Ortaoyunu nedir?
Geleneksel Türk seyirlik oyunlarının en önemlilerinden biri ortaoyunudur. Meddah, karagöz, kukla gibi diğer geleneksel seyirlik oyunlar ile ortak veya benzer birçok özelliği bulunmaktadır. Bugün bilinmekte olan şeklini 19. Asırda almış ise de başlangıcı bir hayli geriye dayanmaktadır. Anadolu Selçukluları döneminde karşılıklı konuşmaya dayalı olan oyunların varlığı bilindiği gibi, Osmanlılar döneminde de danslı, çalgılı, taklitli, gülünç oyunlar daha ziyade büyük şehirlerde yaygındı. Bu oyunlarında yer aldığı şenlikleri betimleyen birçok minyatür mevcuttur. Önceleri kol oyunu, meydan oyunu gibi isimler ile anılan ortaoyunu son şeklini almış olduğu 19. Asırda daha çok zuhuri kolu adıyla anılmıştır.

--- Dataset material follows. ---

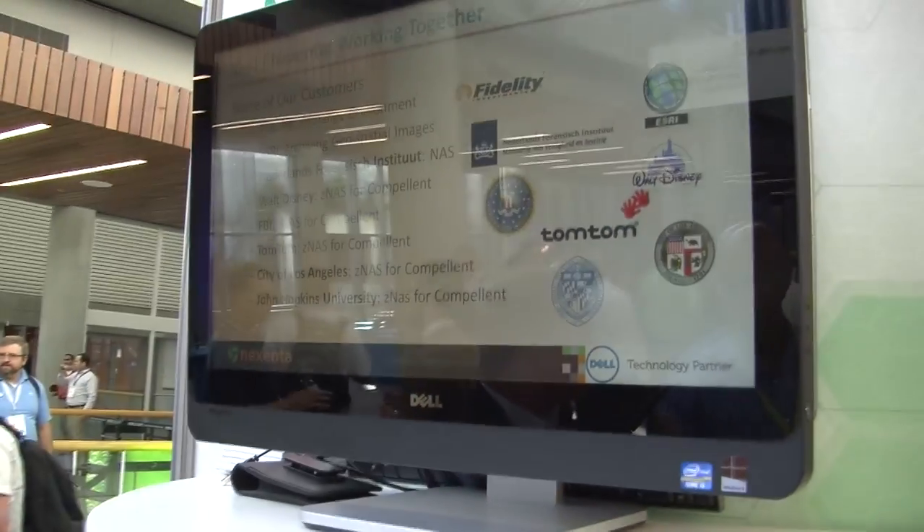What we're finding in the industry today is lots of companies are starting to introduce software-defined storage. You may have heard it from a couple of the big storage vendors, but we don't see that as software-defined storage because it's still a lock-in into their proprietary legacy systems. This is really giving customers the flexibility to build up true storage solutions to meet their needs.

İsminin de anımsattığı gibi ortaoyunu bir açık alan oyun türüdür. Ancak mevsimine göre kapalı olan yerlerde de oynanmaktadır. “Palanga” adı verilen ortaoyunu alanı daire ya da elips şeklinde olur. Kadın seyircilerin bulunduğu bölüm kafesler ile çevrilirdi. Oyun alanı ip gerilmiş kazıklarla belirlenmeye çalışılırdı. Seyircilerin hemen önündeki bir köşede çalgı takımı yer almakta idi. Ortaoyununun başlıca dekoru, “Yeni Dünya” denilen ve evi sembolize eden iki üç kanatlı, kafesli bir paravan ve arkası olmayan bir iskemle idi. Oyuncular sandık odası adı verilen soyunma odalarından çıkıp bir tarafta bırakılan küçük aralıklı alana girerlerdi.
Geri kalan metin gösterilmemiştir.